Diabetes mellitus (DM) is a metabolic syndrome with an increasing prevalence and high mortality rate.1 Diabetic retinopathy (DR) is a common ocular complication of DM and is considered to be one of the leading causes of vision loss and vision impairment in adults.2 With the progression of DR, the quality of life of patients decreases, and the financial burden on society increases, both in the DR screening and treatment groups.3 4

DR has been considered to be correlated with many other diabetes-related complications, such as nephropathy, peripheral neuropathy, low bone density and cardiovascular events, all of which lower the quality of life and produce a high rate of mortality.5–8 Therefore, early diagnosis and proper management of DR would be of great significance.

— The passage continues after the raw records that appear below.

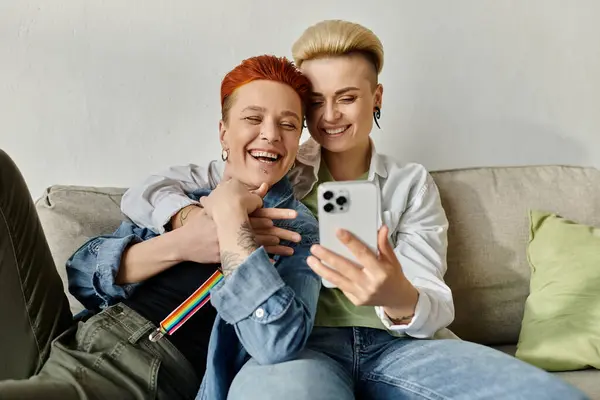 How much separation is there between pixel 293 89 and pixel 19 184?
54 centimetres

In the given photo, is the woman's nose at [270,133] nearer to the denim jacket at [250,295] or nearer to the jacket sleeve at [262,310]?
the denim jacket at [250,295]

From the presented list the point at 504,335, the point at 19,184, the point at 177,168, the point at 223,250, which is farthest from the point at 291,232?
the point at 504,335

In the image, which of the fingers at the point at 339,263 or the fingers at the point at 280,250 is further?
the fingers at the point at 280,250

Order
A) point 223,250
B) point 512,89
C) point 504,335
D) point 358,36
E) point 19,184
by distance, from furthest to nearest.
A: 1. point 512,89
2. point 504,335
3. point 358,36
4. point 19,184
5. point 223,250

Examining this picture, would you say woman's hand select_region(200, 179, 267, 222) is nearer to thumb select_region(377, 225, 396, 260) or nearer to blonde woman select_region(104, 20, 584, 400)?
blonde woman select_region(104, 20, 584, 400)

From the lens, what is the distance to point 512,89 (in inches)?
69.6

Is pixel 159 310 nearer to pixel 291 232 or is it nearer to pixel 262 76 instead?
pixel 291 232

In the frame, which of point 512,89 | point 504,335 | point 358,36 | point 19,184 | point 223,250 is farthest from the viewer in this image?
point 512,89

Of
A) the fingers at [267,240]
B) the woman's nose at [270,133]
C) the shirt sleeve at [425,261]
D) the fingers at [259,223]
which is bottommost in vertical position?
the shirt sleeve at [425,261]

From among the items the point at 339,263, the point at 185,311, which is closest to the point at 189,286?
the point at 185,311

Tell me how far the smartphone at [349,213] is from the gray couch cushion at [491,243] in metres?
0.65

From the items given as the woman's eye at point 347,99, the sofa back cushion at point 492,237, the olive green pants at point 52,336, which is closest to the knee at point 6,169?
the olive green pants at point 52,336

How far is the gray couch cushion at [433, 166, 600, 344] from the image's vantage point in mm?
1466

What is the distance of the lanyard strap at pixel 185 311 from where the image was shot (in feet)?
3.50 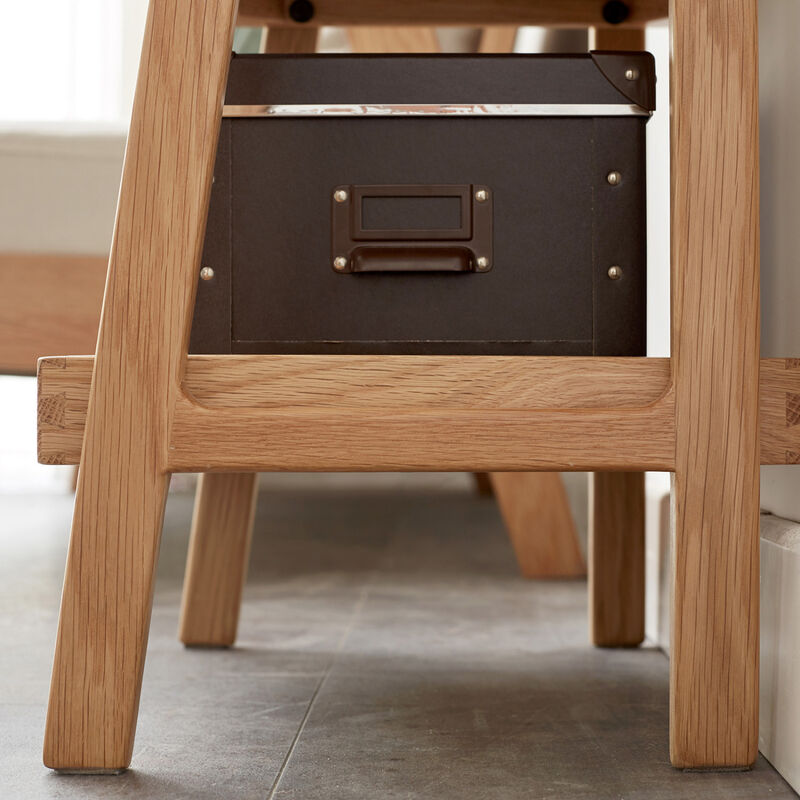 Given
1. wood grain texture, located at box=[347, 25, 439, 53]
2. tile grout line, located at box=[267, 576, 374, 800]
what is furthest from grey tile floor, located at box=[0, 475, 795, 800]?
wood grain texture, located at box=[347, 25, 439, 53]

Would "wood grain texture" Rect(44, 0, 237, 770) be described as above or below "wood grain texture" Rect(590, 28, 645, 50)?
below

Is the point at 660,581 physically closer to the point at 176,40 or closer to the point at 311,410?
the point at 311,410

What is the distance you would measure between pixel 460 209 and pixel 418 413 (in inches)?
6.4

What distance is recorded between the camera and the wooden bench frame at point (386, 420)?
63cm

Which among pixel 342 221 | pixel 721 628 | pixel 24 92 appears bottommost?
pixel 721 628

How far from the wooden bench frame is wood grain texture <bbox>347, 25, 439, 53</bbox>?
27.4 inches

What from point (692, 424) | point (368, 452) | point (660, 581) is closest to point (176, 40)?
point (368, 452)

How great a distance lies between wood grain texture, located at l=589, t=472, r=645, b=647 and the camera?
39.6 inches

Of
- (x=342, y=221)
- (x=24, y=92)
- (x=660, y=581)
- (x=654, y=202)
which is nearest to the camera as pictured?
(x=342, y=221)

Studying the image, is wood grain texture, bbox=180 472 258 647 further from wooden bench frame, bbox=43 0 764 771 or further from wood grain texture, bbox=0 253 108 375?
wooden bench frame, bbox=43 0 764 771

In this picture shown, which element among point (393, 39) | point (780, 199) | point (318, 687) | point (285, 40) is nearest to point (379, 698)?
point (318, 687)

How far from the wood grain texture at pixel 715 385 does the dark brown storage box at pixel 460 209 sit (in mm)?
78

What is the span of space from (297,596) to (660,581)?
0.53m

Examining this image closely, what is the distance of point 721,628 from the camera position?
25.1 inches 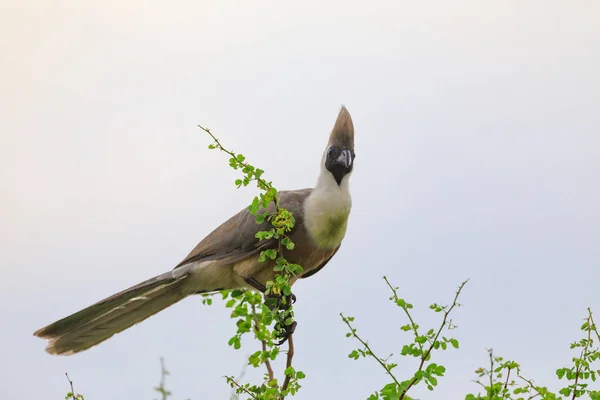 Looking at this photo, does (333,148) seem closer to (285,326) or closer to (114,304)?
(285,326)


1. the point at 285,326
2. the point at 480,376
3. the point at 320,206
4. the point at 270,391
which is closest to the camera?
the point at 480,376

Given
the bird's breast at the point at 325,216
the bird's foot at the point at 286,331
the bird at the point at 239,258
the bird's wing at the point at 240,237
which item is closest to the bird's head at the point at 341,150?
the bird at the point at 239,258

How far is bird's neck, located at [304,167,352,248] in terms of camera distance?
525 centimetres

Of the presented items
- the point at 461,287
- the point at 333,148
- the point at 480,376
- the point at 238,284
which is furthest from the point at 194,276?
the point at 480,376

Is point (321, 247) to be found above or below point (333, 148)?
below

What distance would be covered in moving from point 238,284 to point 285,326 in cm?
107

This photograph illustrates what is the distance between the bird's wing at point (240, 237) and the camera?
528cm

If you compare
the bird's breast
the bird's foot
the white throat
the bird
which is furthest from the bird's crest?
the bird's foot

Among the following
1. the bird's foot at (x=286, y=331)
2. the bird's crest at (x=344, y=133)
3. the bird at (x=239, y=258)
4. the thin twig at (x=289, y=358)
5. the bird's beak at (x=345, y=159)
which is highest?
the bird's crest at (x=344, y=133)

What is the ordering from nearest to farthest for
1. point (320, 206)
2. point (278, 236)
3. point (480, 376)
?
point (480, 376)
point (278, 236)
point (320, 206)

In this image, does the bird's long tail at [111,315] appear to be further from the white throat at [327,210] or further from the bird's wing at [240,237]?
the white throat at [327,210]

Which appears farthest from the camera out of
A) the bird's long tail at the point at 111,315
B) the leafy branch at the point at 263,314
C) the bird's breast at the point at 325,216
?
the bird's long tail at the point at 111,315

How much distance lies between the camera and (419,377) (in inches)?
142

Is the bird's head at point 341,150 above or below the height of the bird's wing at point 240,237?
above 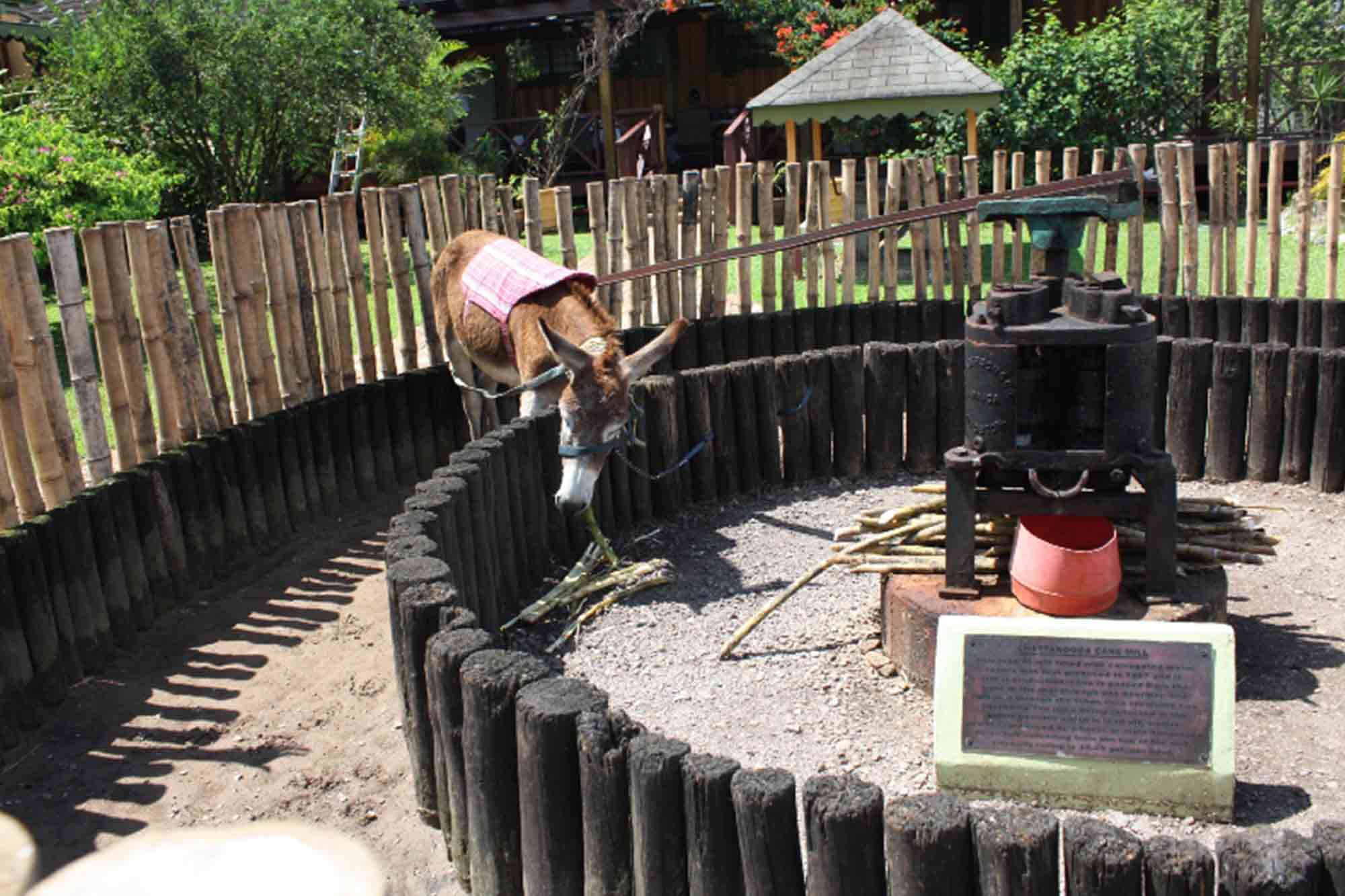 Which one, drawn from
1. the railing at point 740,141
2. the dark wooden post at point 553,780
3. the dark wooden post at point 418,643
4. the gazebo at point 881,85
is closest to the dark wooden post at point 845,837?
the dark wooden post at point 553,780

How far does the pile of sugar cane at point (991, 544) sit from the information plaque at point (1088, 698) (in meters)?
1.18

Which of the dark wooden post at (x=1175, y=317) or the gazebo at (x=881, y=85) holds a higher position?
the gazebo at (x=881, y=85)

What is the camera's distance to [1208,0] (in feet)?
72.1

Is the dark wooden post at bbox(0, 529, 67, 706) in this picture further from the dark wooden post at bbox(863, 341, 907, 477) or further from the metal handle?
the dark wooden post at bbox(863, 341, 907, 477)

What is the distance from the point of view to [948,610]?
5.49 metres

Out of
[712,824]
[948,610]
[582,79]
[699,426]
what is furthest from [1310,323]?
[582,79]

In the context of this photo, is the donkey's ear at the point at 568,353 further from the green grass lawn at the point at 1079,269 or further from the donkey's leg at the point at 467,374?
the green grass lawn at the point at 1079,269

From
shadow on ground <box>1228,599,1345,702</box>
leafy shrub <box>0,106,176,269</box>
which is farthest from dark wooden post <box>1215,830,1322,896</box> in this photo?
leafy shrub <box>0,106,176,269</box>

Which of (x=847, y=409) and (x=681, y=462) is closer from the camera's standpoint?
(x=681, y=462)

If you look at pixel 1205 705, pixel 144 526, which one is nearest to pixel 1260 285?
pixel 1205 705

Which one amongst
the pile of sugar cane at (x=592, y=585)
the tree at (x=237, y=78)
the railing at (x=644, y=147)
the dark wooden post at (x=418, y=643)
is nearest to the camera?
the dark wooden post at (x=418, y=643)

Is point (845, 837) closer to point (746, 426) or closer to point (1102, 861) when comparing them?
point (1102, 861)

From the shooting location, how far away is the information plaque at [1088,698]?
172 inches

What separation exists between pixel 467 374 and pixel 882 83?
8.80m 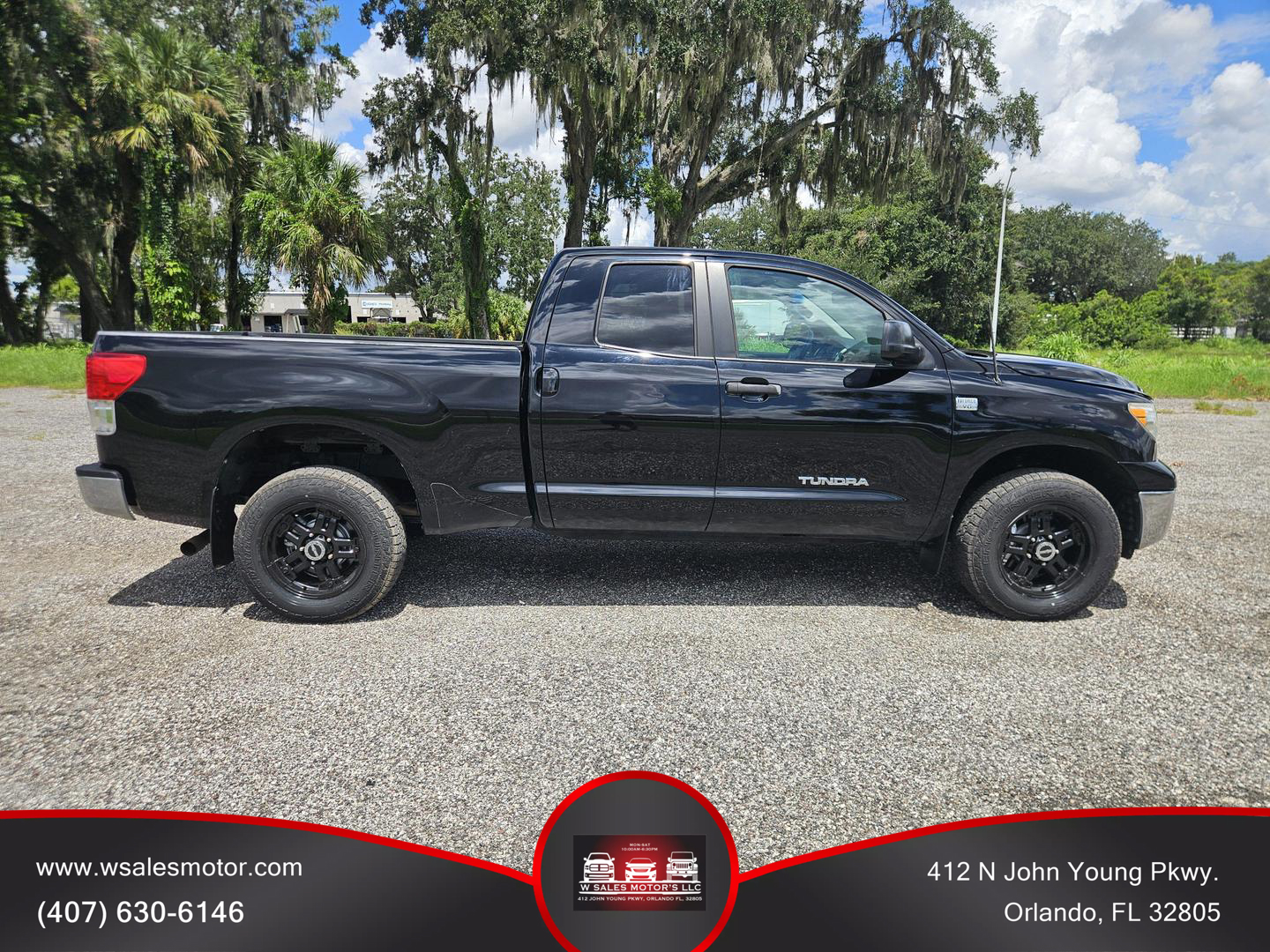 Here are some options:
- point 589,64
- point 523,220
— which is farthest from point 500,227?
point 589,64

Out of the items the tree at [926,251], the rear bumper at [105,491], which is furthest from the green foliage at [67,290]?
the rear bumper at [105,491]

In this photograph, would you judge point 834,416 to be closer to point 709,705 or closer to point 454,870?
point 709,705

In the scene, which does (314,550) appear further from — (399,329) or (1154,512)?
(399,329)

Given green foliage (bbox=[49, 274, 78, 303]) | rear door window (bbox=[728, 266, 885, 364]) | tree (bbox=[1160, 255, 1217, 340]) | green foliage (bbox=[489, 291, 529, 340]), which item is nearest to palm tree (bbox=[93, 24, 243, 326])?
green foliage (bbox=[489, 291, 529, 340])

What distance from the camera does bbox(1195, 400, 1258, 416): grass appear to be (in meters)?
14.6

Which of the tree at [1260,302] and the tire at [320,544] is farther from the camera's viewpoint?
the tree at [1260,302]

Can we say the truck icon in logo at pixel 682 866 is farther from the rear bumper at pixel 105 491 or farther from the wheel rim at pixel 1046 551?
the rear bumper at pixel 105 491

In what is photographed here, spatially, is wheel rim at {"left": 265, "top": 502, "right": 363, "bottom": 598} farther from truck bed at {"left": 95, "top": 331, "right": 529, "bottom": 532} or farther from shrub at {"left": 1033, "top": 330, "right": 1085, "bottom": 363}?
shrub at {"left": 1033, "top": 330, "right": 1085, "bottom": 363}

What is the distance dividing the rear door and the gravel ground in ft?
1.99

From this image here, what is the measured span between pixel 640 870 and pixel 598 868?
0.11 metres

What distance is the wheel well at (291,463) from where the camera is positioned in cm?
394

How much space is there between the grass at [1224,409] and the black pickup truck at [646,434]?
13555 mm

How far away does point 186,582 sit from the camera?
4.62 meters

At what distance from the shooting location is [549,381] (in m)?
3.88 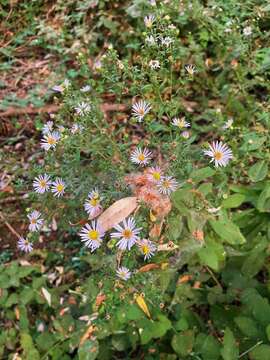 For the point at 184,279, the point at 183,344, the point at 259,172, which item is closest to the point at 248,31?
the point at 259,172

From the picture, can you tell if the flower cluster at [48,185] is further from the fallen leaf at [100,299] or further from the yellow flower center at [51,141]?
the fallen leaf at [100,299]

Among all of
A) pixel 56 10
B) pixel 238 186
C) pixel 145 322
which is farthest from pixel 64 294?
pixel 56 10

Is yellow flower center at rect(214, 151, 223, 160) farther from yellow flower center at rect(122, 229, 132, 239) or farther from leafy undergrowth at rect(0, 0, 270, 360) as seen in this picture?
yellow flower center at rect(122, 229, 132, 239)

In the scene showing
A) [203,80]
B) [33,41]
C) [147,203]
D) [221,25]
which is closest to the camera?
[147,203]

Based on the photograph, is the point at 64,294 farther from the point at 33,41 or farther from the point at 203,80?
the point at 33,41

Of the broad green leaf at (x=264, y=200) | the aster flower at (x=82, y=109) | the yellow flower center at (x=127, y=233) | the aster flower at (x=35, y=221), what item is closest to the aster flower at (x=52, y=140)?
the aster flower at (x=82, y=109)

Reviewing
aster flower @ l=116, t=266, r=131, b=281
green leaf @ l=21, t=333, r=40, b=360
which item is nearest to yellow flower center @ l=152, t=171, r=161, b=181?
aster flower @ l=116, t=266, r=131, b=281
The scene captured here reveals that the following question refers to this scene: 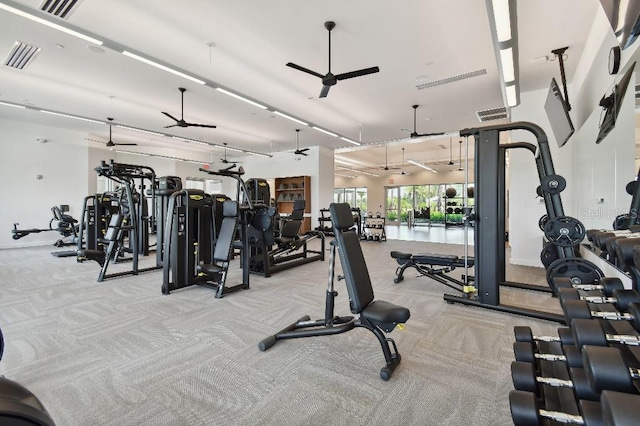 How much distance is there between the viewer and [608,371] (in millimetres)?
831

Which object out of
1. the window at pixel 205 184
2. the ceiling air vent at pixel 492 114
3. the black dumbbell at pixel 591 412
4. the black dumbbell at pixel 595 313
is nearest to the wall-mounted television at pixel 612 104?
the black dumbbell at pixel 595 313

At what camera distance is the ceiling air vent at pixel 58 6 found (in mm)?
3049

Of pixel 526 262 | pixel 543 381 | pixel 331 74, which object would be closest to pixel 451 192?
pixel 526 262

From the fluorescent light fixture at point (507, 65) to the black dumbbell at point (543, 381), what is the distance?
355 cm

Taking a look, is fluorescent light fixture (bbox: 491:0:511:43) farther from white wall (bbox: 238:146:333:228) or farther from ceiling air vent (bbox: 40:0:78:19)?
white wall (bbox: 238:146:333:228)

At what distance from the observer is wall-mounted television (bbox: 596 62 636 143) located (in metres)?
2.56

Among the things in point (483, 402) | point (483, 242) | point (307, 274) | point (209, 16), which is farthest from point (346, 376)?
point (209, 16)

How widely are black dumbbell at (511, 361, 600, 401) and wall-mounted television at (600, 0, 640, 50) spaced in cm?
158

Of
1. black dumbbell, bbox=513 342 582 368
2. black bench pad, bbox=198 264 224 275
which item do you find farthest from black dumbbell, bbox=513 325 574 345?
black bench pad, bbox=198 264 224 275

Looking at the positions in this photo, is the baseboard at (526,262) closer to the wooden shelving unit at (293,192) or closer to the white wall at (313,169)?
the white wall at (313,169)

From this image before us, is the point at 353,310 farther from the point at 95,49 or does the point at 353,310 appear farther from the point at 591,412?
the point at 95,49

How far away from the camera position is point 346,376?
205 centimetres

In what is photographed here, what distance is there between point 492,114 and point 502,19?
5103 mm

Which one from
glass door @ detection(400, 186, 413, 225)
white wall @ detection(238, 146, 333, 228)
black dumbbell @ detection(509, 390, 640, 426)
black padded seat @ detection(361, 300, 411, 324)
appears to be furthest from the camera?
glass door @ detection(400, 186, 413, 225) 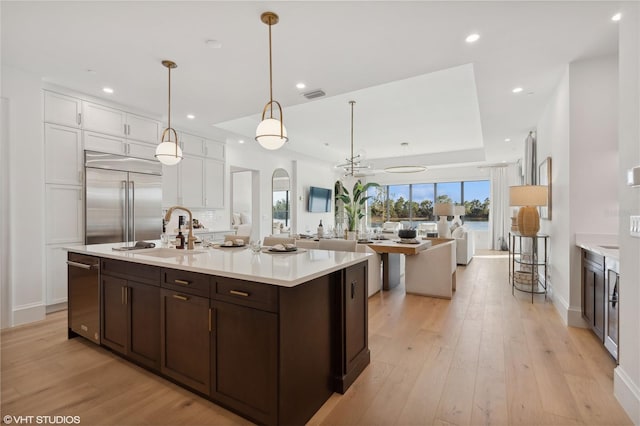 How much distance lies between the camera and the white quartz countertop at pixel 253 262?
1.66m

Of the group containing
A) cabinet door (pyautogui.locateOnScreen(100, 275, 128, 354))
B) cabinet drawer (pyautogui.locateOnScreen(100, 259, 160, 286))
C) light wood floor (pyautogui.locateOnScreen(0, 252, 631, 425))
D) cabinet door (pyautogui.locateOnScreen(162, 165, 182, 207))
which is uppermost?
cabinet door (pyautogui.locateOnScreen(162, 165, 182, 207))

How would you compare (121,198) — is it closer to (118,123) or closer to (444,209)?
(118,123)

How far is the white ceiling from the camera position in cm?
233

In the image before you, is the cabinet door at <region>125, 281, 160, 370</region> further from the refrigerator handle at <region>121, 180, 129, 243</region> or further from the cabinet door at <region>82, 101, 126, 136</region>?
the cabinet door at <region>82, 101, 126, 136</region>

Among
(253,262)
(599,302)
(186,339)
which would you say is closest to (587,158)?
(599,302)

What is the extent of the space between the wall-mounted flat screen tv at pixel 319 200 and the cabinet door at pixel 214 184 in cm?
325

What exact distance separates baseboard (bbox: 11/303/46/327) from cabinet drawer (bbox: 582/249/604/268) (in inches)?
220

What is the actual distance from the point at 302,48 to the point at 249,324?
2.42 metres

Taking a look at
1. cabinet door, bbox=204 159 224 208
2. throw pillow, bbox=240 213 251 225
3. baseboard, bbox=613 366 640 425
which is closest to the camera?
baseboard, bbox=613 366 640 425

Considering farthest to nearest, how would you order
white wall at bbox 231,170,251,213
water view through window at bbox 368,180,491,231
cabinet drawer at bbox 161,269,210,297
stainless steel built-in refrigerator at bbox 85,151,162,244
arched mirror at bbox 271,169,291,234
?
water view through window at bbox 368,180,491,231
white wall at bbox 231,170,251,213
arched mirror at bbox 271,169,291,234
stainless steel built-in refrigerator at bbox 85,151,162,244
cabinet drawer at bbox 161,269,210,297

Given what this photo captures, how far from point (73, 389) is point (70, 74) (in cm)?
317

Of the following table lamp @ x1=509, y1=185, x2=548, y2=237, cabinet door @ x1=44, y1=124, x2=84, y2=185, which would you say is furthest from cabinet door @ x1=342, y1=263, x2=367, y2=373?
cabinet door @ x1=44, y1=124, x2=84, y2=185

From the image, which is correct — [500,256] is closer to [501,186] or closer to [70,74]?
[501,186]

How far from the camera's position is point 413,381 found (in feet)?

Many epidemiological studies on DR, either cross-sectional studies9–18 or cohort studies,19–28 have been conducted worldwide, exploring the risk factors that were associated with the disease and aiming at the prevention and management of this disease. Older female patients with a longer disease duration were known to be at greater risk for DR and DR progression. Furthermore, having renal complications of diabetes, poor glycaemic control, high lipid levels or hypertension have also already been reported to be risk factors of DR, with an impact on DR progression.9–26 These factors have been evaluated using the Early Treatment of Diabetic Retinopathy Study classification.27 Of these reported risk factors, the duration of diabetes, hyperglycaemia and hypertension were considered to be the most important risk factors for progression of vision loss.29 However, DR and the risk factors of DR have typically gained little attention, and the compliance with eye screenings is often poor.30 More studies and an improved awareness of the risk factors are therefore required.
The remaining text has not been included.